• [ASSIGNMENT] Each entry below must be written out exactly, with pictures left out.

[Short web captions]
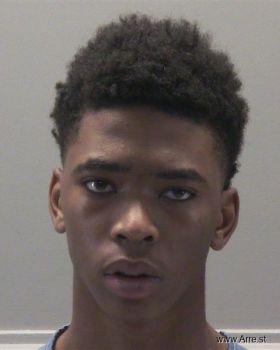 Gregory Lamar Patrick-brooks Mugshot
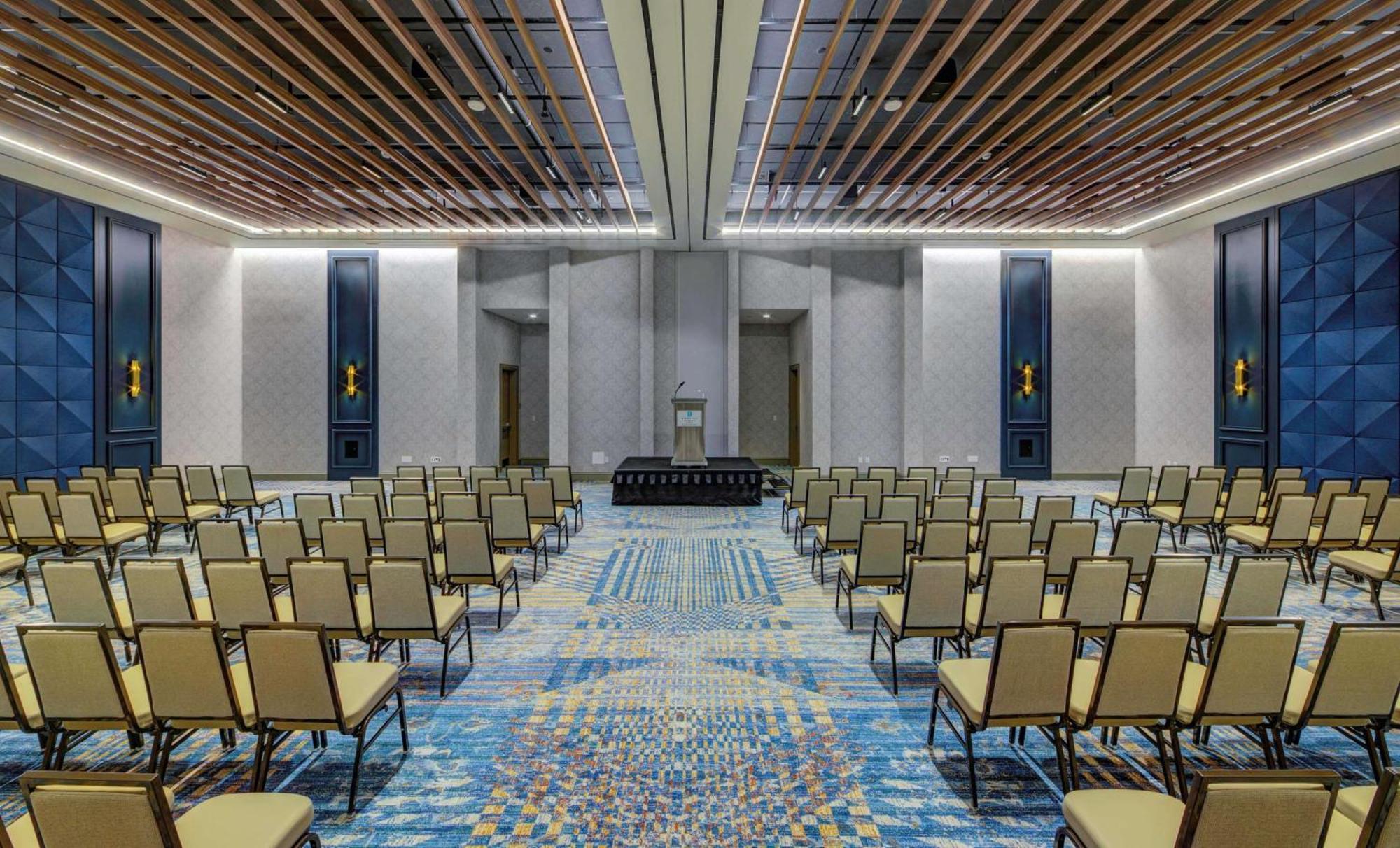 Embassy Suites By Hilton Virginia Beach Oceanfront Resort Eksteriør billede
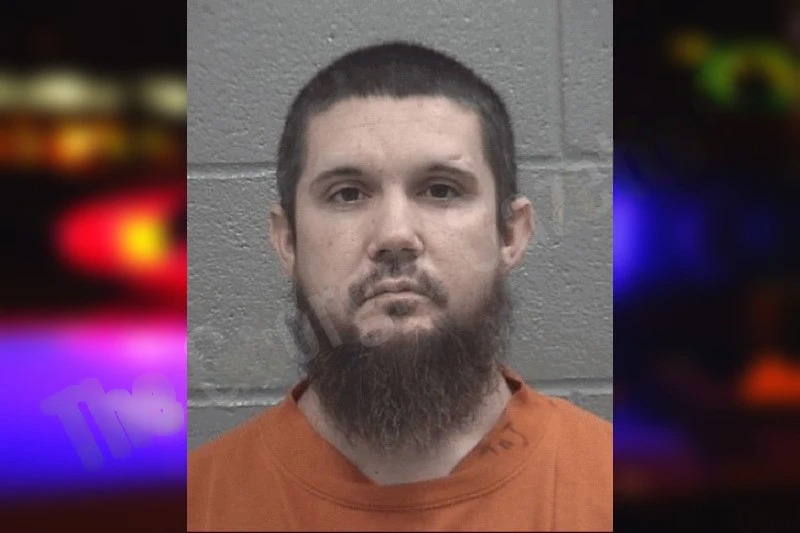 Michael Terry mugshot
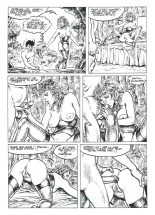 Jacobsen - Le loup et l\'agnelle : page 42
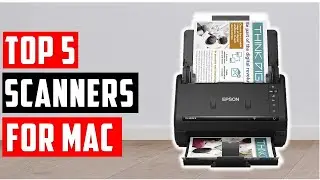 ✅Best Scanners for Mac 2023 | 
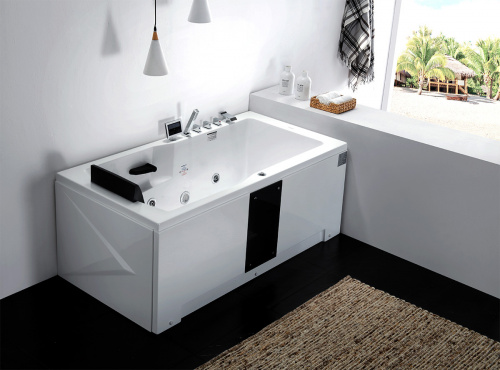 Акриловая ванна Gemy G9066 II K R фото 3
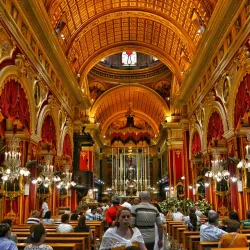 San Gorg Chapel - Mosta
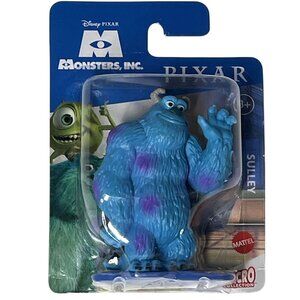 Disney Pixar Monsters Inc Sulley Micro Collection Figure New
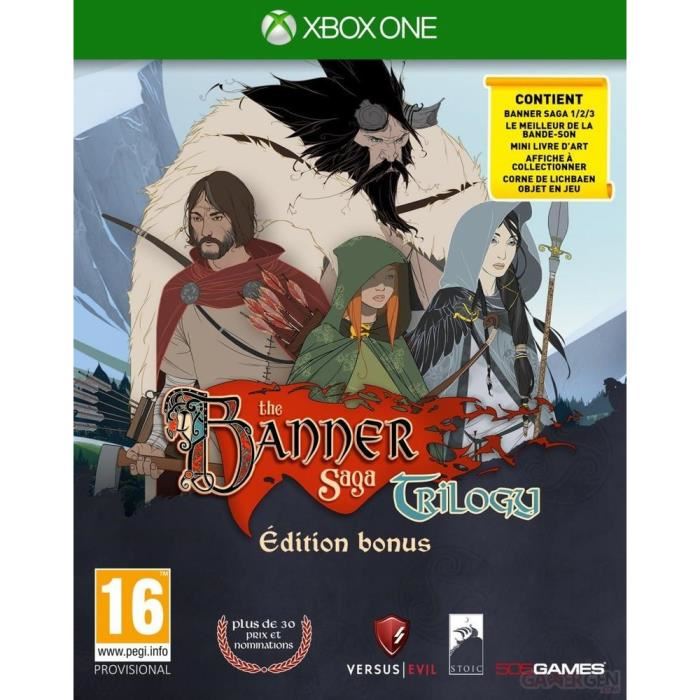 the-banner-saga-trilogy-edition-bonus-jeu-xbox-one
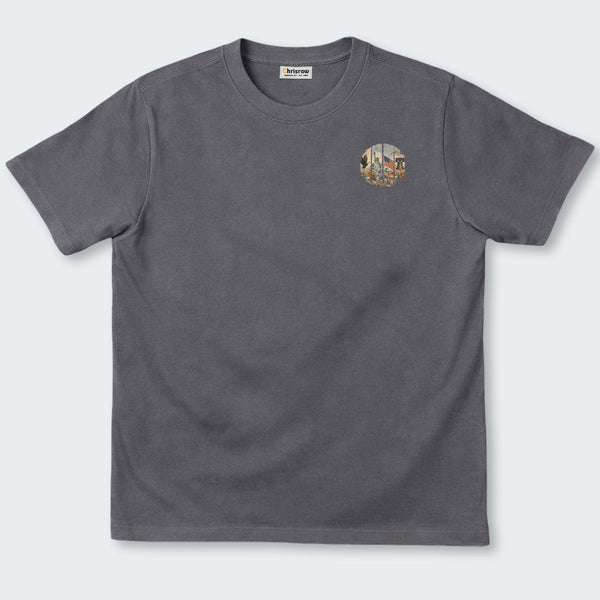 Chrisraw America 250 One Nation Under God T-Shirt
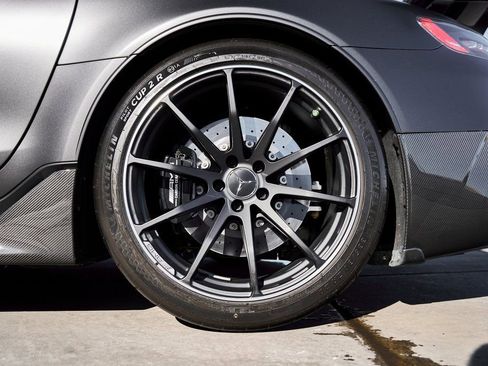 Used 2021 Mercedes-Benz AMG GT Black Series image 79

• [ANSWER FOR THE TASK]
 Gregory Lamar Patrick-brooks Mugshot
 Embassy Suites By Hilton Virginia Beach Oceanfront Resort Eksteriør billede
 Michael Terry mugshot
 Jacobsen - Le loup et l\'agnelle : page 42
 ✅Best Scanners for Mac 2023 | 
 Акриловая ванна Gemy G9066 II K R фото 3
 San Gorg Chapel - Mosta
 Disney Pixar Monsters Inc Sulley Micro Collection Figure New
 the-banner-saga-trilogy-edition-bonus-jeu-xbox-one
 Chrisraw America 250 One Nation Under God T-Shirt
 Used 2021 Mercedes-Benz AMG GT Black Series image 79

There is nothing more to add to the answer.